Caption-style text data

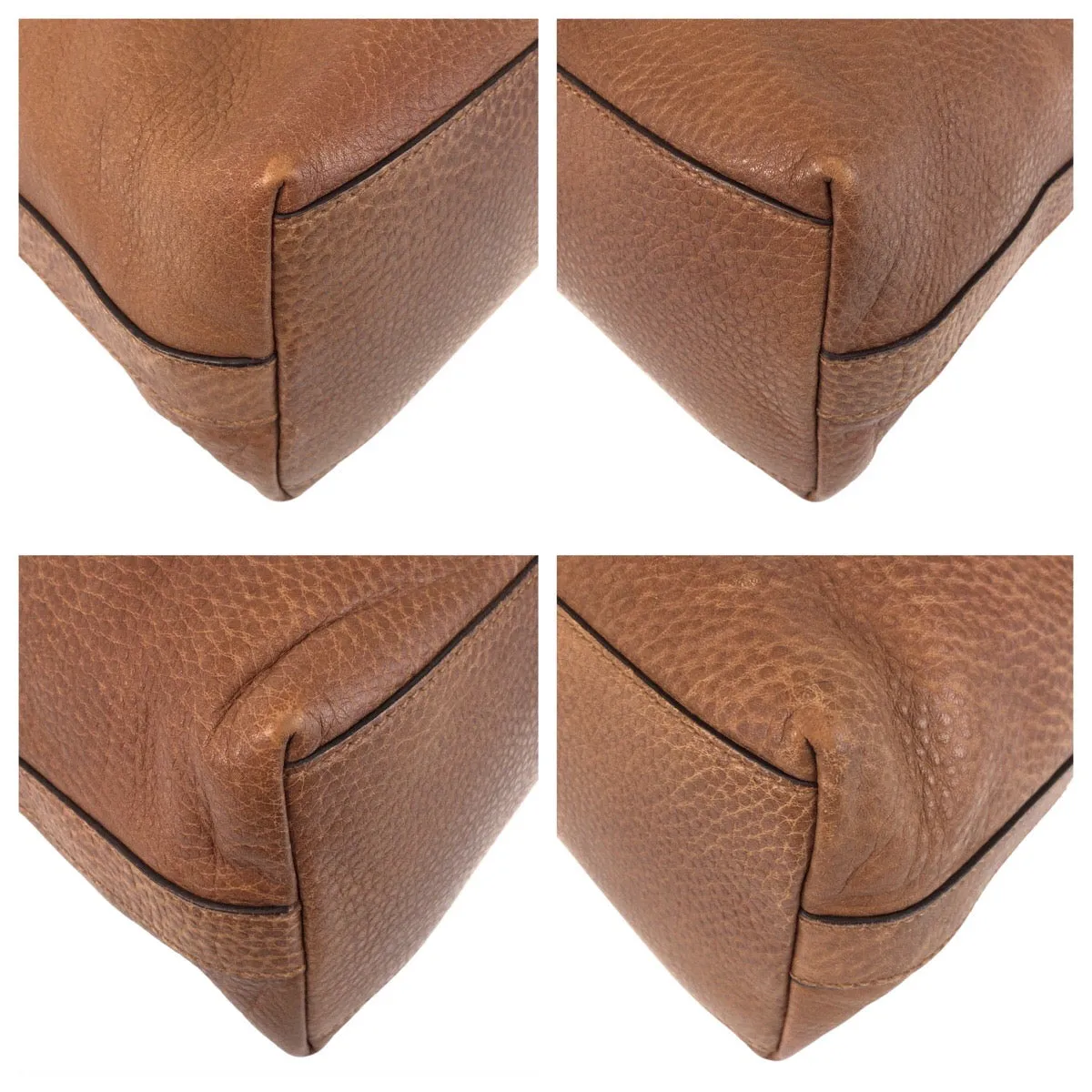 GUCCI Shoulder Bag 326514 leather Brown Shoulder Bag 2way Interlocking Hobo Women Used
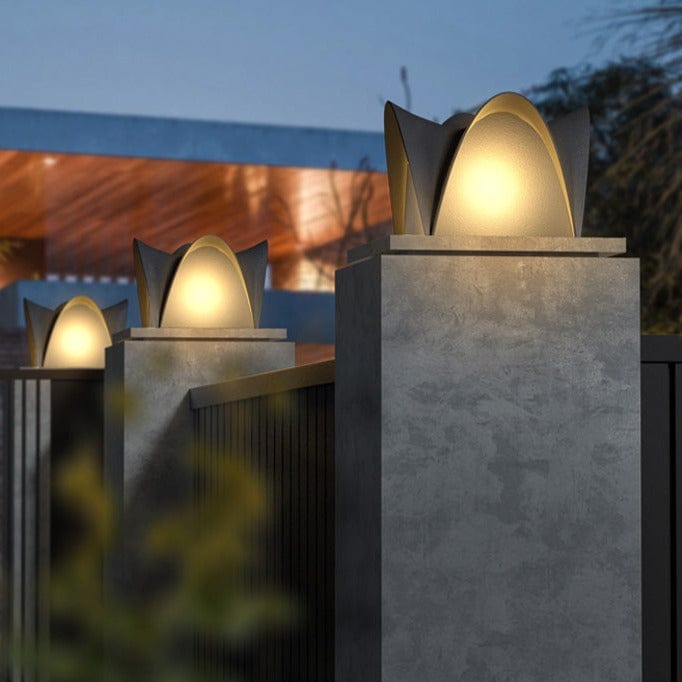 Zach | Outdoor Pillar Lamp - Detail View #5 | HomeCartel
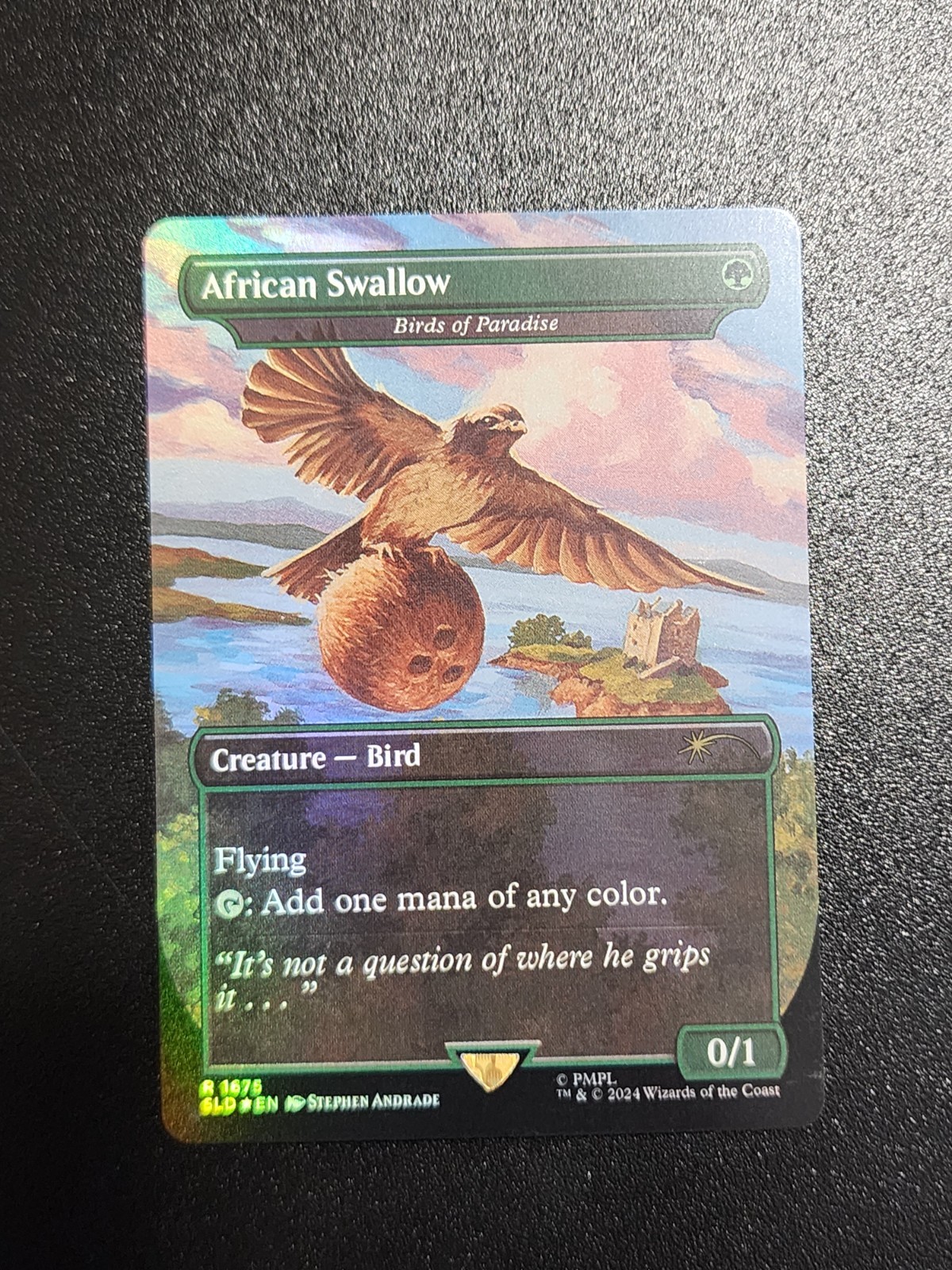 African/European Swallow/Birds of Paradise Foil Secret Lair Drop Series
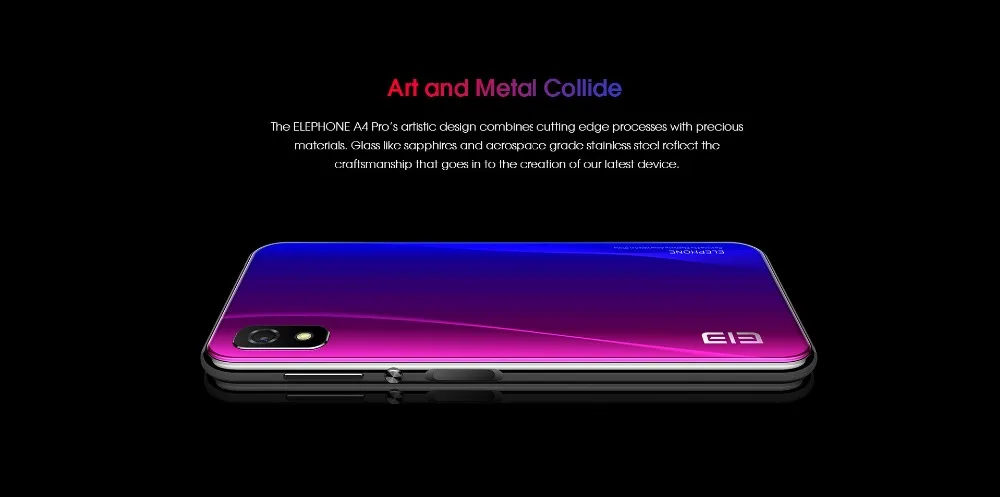 Elephone A4 Pro смартфон 4 GB 64 GB MT6763 Восьмиядерный отпечатков пальцев ID телефона 5,85 Full Экран 3000 mAh мобильный телефон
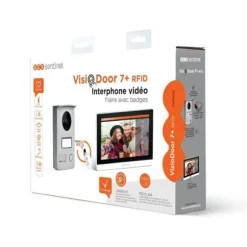 Kablet videointercom med SCS SENTINEL VisioDoor 7+ RFID-badges - 7 touchskærme - nattesyn - 5 års garanti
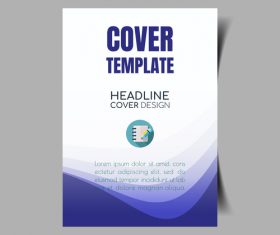 Design company promotional cover template vector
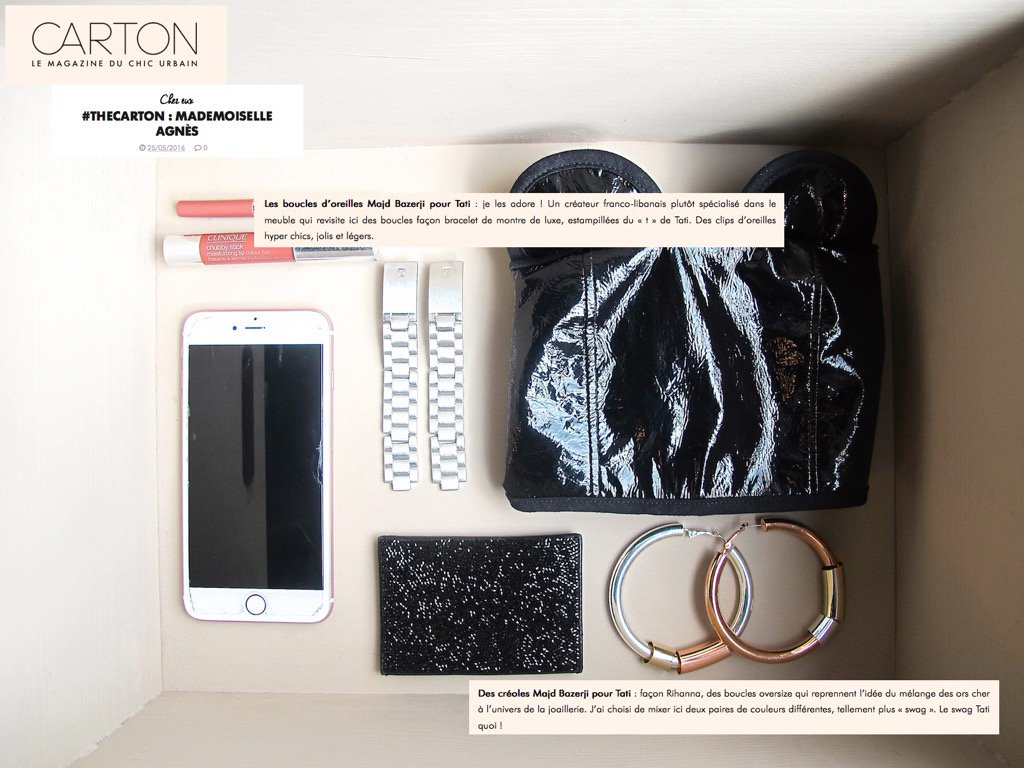 mb_designlab's tweet photo. #thecarton #cartonmagazine #mademoiselleAgnes #Tati #BarbesFashionDay #fashion #bijoux #jewellery #MajdBazerji https://t.co/S6IfZxHVvJ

** Task to complete **
For this exercise, reproduce the data above exactly from the line containing "Elephone A4 Pro" through its final line, both ends included, with no pictures in the copy.

** Solution for this exercise **
 Elephone A4 Pro смартфон 4 GB 64 GB MT6763 Восьмиядерный отпечатков пальцев ID телефона 5,85 Full Экран 3000 mAh мобильный телефон
 Kablet videointercom med SCS SENTINEL VisioDoor 7+ RFID-badges - 7 touchskærme - nattesyn - 5 års garanti
 Design company promotional cover template vector
 mb_designlab's tweet photo. #thecarton #cartonmagazine #mademoiselleAgnes #Tati #BarbesFashionDay #fashion #bijoux #jewellery #MajdBazerji https://t.co/S6IfZxHVvJ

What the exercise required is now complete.